Longreach Pastoral College horse manager John Arnold had mixed emotions after the dispersal of the last draft of Queensland Agricultural Training Colleges' horses at an online auction over the weekend.
Mr Arnold, a former student of the Longreach Pastoral College himself in the 1970s, was manager and instructor of the horse course from 1987 and for the next 33 years, until the college closed two years ago.
While he was sad to see the genetics dispersed, he was given a heartwarming surprise when his family bought him the 24-year-old stallion, Genuine Roy, for $5000.
"I bought him for the college at eight months of age and he is coming home where we can all spoil and love him," Mr Arnold said on Tuesday.
"It is only fitting he comes here as I won a lot of challenges and campdrafts and so did a lot the students - and he certainly deserves a caring and loving home."

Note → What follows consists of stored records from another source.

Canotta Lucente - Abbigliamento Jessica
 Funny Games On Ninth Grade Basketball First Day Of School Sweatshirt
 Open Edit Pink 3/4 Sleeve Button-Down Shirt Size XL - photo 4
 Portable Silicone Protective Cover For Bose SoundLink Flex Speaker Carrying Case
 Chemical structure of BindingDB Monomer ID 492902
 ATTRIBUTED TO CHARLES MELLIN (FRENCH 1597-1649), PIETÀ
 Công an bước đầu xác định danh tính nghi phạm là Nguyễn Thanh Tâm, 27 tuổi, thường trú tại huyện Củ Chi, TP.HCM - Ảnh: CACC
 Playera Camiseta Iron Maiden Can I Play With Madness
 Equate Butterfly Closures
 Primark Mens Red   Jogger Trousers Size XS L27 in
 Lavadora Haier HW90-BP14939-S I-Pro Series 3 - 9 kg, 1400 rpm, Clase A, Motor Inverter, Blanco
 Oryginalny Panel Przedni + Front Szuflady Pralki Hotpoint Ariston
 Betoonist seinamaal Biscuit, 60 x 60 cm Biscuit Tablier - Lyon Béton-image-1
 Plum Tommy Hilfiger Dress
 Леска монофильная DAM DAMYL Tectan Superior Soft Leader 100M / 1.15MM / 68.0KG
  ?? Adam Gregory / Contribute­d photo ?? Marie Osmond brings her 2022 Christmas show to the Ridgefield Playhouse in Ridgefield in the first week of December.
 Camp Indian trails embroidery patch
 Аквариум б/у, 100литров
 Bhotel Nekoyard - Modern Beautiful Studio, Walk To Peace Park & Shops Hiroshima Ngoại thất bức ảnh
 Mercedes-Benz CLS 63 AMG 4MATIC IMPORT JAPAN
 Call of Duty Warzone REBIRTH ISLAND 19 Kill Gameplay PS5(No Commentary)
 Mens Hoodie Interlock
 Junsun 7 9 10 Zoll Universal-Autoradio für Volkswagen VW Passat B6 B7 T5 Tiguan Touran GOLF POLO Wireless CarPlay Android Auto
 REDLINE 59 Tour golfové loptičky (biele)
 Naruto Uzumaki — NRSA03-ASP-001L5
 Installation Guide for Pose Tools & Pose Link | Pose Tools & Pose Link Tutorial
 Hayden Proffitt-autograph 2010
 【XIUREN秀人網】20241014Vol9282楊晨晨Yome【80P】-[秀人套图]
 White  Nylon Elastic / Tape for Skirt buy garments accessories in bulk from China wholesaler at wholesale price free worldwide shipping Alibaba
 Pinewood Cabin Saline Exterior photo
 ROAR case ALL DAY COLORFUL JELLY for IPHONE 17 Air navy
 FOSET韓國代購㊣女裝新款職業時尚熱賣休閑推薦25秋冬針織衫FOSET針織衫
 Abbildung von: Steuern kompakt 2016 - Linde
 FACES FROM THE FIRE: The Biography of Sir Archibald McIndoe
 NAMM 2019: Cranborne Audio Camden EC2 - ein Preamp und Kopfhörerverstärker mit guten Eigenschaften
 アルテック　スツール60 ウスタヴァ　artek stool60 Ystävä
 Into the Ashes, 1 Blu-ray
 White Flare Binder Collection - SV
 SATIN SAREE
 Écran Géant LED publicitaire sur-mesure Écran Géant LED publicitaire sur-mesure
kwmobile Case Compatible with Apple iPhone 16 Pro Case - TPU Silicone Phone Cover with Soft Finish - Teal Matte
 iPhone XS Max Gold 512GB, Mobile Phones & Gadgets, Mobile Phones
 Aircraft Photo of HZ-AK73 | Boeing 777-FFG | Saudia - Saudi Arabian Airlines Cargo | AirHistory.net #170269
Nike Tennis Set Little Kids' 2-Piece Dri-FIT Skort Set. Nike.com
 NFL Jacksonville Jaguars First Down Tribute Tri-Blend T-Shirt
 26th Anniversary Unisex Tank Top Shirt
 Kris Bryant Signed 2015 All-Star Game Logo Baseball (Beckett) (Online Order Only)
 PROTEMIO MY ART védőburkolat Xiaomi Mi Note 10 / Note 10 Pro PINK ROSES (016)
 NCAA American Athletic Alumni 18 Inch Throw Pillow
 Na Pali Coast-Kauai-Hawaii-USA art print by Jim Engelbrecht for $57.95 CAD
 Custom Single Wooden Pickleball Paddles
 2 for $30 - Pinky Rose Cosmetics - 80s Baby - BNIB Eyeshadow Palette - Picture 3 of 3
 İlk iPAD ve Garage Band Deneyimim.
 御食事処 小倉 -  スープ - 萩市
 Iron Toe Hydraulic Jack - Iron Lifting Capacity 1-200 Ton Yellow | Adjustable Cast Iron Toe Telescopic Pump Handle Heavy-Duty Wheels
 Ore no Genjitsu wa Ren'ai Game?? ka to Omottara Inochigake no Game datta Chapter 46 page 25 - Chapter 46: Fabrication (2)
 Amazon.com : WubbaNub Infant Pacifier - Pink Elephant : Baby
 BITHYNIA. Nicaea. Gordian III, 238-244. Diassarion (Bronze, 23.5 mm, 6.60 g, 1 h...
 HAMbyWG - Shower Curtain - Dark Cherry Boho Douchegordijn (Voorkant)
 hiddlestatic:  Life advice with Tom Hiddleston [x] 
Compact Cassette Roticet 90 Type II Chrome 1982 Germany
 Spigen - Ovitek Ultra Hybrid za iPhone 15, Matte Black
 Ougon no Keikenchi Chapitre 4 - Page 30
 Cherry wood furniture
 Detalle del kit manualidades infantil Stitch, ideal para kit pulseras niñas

Mr Arnold hoped all of the horses were given the same treatment.
"It will be good to see those prefixes of El Pascol and AACC, which were the Longreach bred horses and some AACC and College prefixes, which were the Emerald bred horses, back in competition, or being bred from," Mr Arnold told Queensland Country Life.
"Some of the El Pascol horses can trace back five and six generations to the college's mares, long before the stud was formed."
Mr Arnold said it was in the early 1990s that he was tasked with establishing a horse breeding program and the El Pascol horse stud was registered in line with the prefixes used by the stud sheep and cattle program at the Longreach Pastoral College.
He said the then Longreach Pastoral College-bred horses enjoyed some major achievements, including topping the geldings at both the Rockhampton Quarter Horse sale and the Toomba Horse of the North sale, situated at Charters Towers.
"These horses were kept in the hope that one of the colleges would be resurrected one day," he said.